[Exercise brief]: The answer should be a faithful retyping of the records that follow, pictures excluded.
[Data excerpts Boundary: Start]
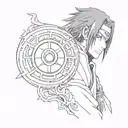 itachi uchiha sharingan and susano half of itachi's tattoo design idea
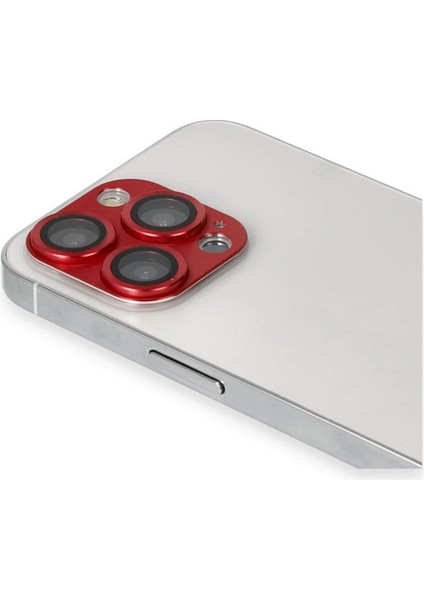 iPhone 13 Pro Max Pers Alüminyum Kamera Lens - Kırmızı - 13089-1911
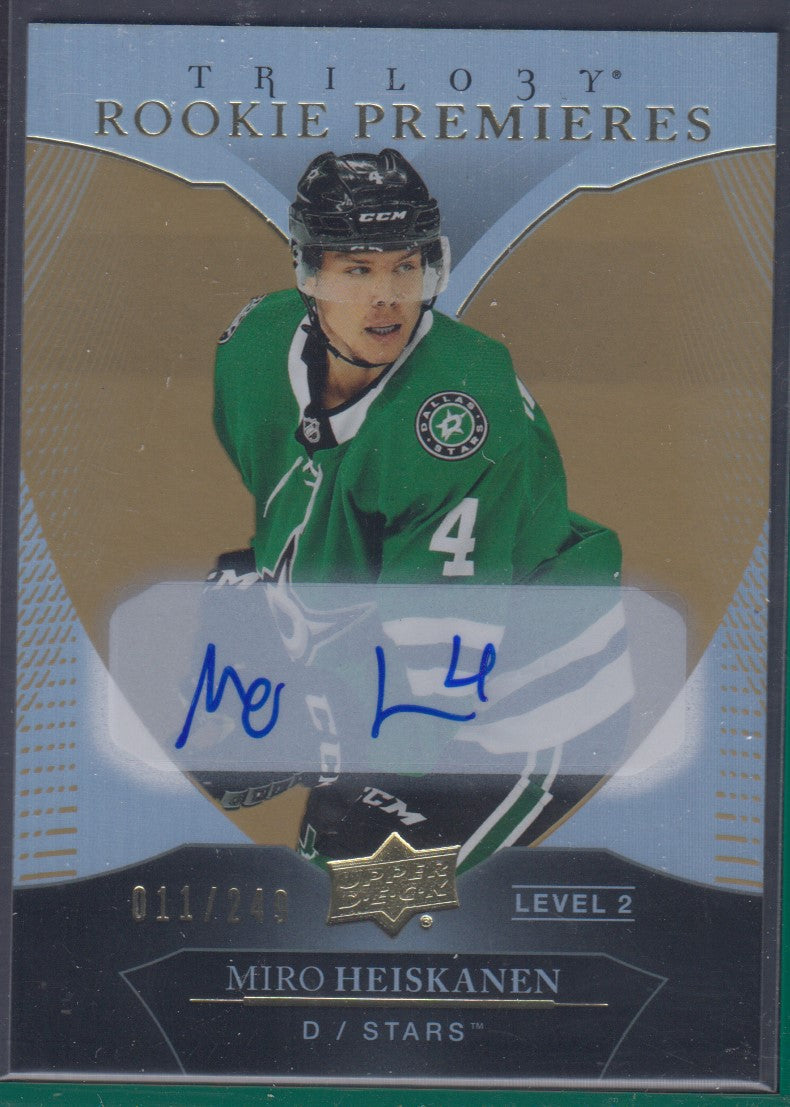 MIRO HEISKANEN, 2018 Trilogy Rookie Premieres Level 2 Auto #103, /249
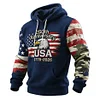 Men's Vintage 250th Anniversary American Flag Eagle 1776 Print Pocket Hoodie by Inlyline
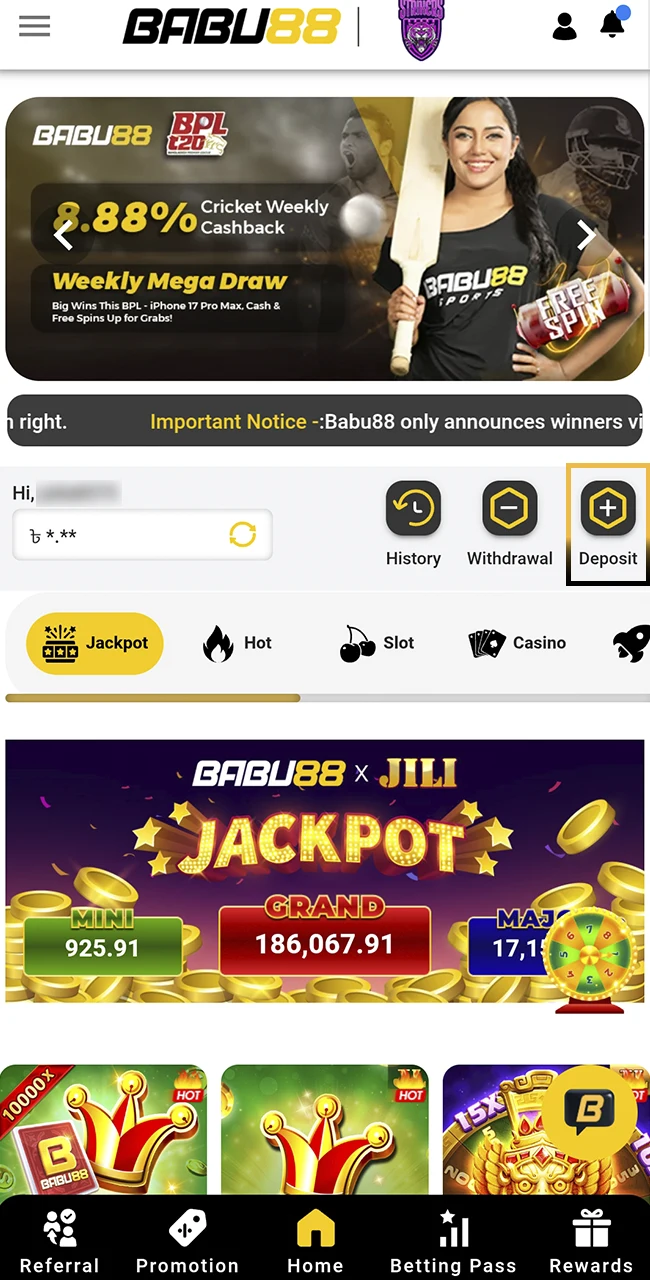 Go to the cashier on the official Babu88 website now.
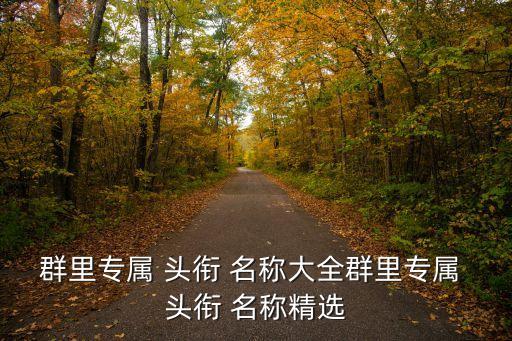 群里專屬 頭銜 名稱大全群里專屬 頭銜 名稱精選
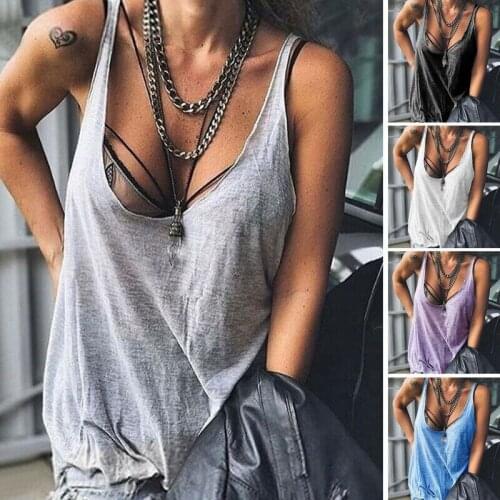 Womens Sexy Casual Solid Tank Tops Summer Vest Sleeveless T-Shirt V Neck Blouse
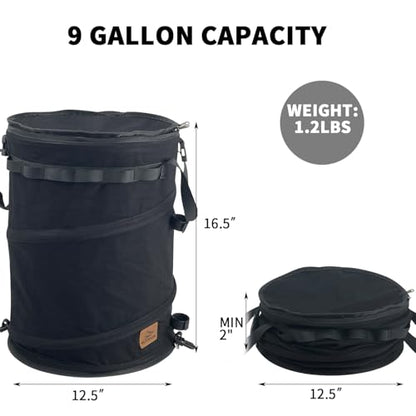 Sutekus Pop Up Storage Bin Collapsible Trash Can Recycle Container Reusable Utility Bag with Zippered Lid for Camping, Laundry, Garden (Black) - color: Black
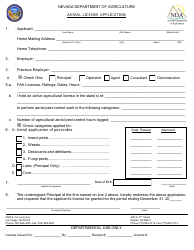 &quot;Aerial License Application Form&quot; - Nevada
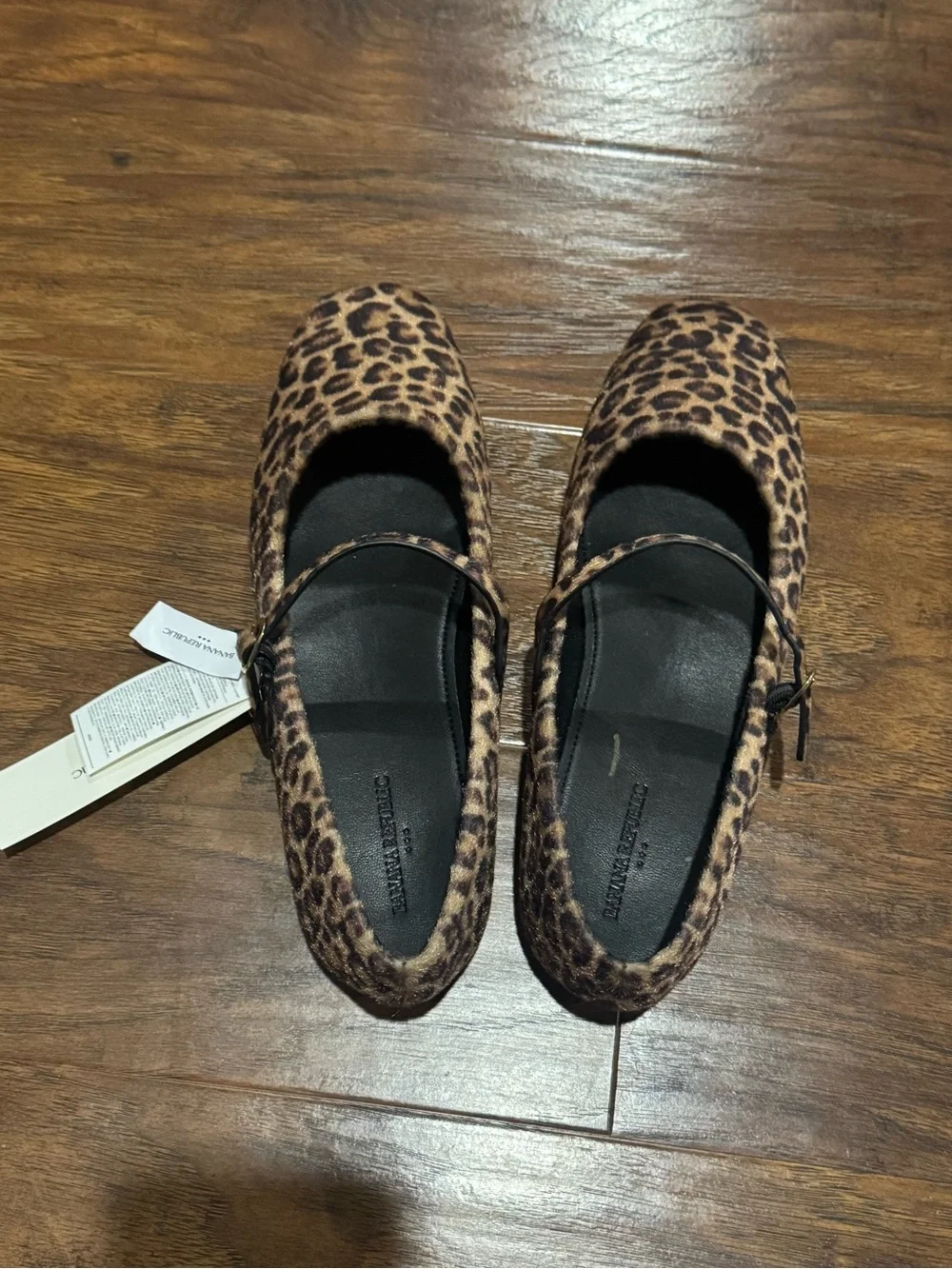 Banana Republic Leopard Print Mary Jane Flats - Tan and Black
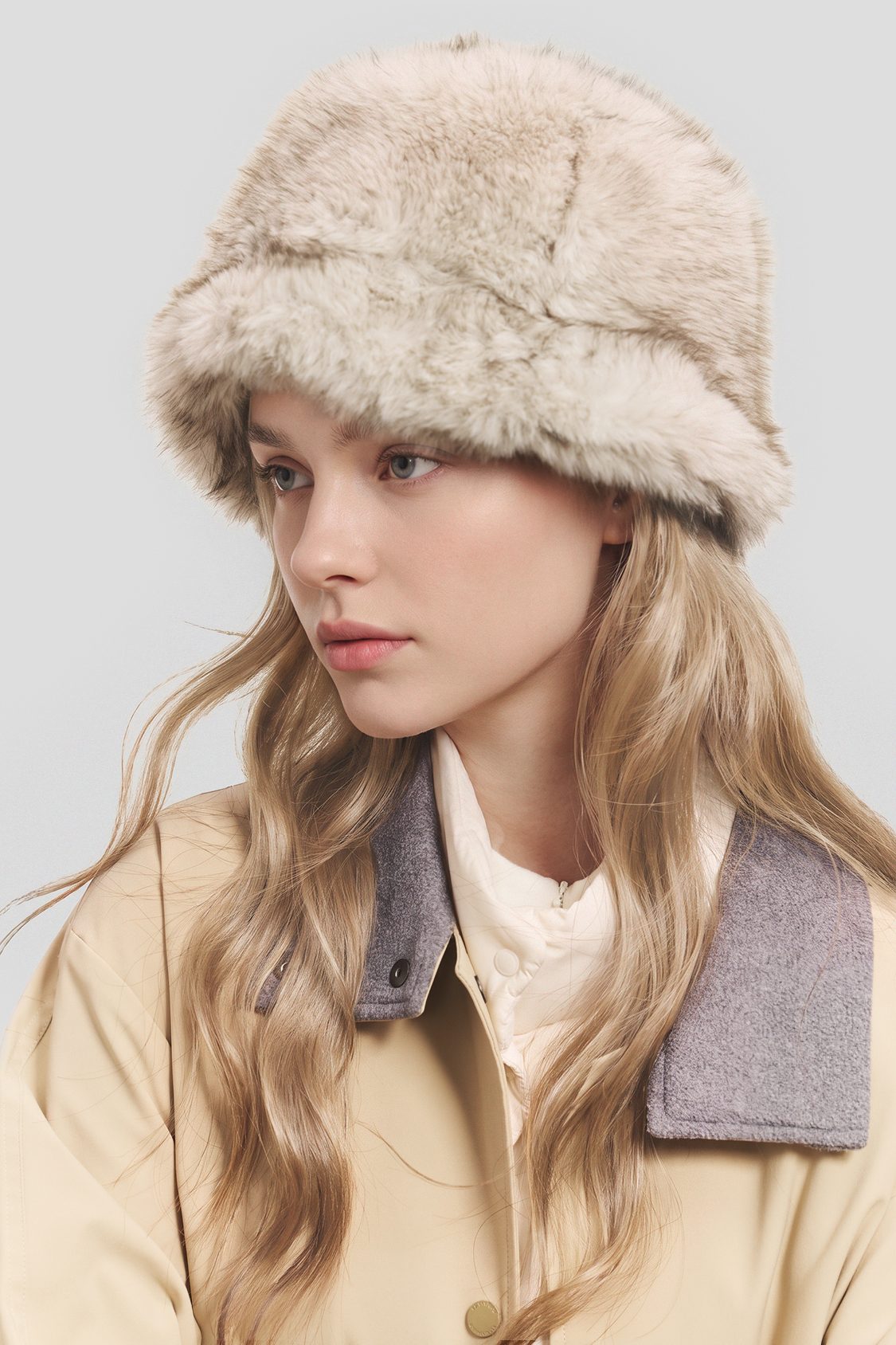 Thermischer Bucket-Hat aus Fleece mit unterschiedlicher Florhöhe PM047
[Data excerpts Boundary: End]
[Solved exercise]:
 itachi uchiha sharingan and susano half of itachi's tattoo design idea
 iPhone 13 Pro Max Pers Alüminyum Kamera Lens - Kırmızı - 13089-1911
 MIRO HEISKANEN, 2018 Trilogy Rookie Premieres Level 2 Auto #103, /249
 Men's Vintage 250th Anniversary American Flag Eagle 1776 Print Pocket Hoodie by Inlyline
 Go to the cashier on the official Babu88 website now.
 群里專屬 頭銜 名稱大全群里專屬 頭銜 名稱精選
 Womens Sexy Casual Solid Tank Tops Summer Vest Sleeveless T-Shirt V Neck Blouse
 Sutekus Pop Up Storage Bin Collapsible Trash Can Recycle Container Reusable Utility Bag with Zippered Lid for Camping, Laundry, Garden (Black) - color: Black
 &quot;Aerial License Application Form&quot; - Nevada
 Banana Republic Leopard Print Mary Jane Flats - Tan and Black
 Thermischer Bucket-Hat aus Fleece mit unterschiedlicher Florhöhe PM047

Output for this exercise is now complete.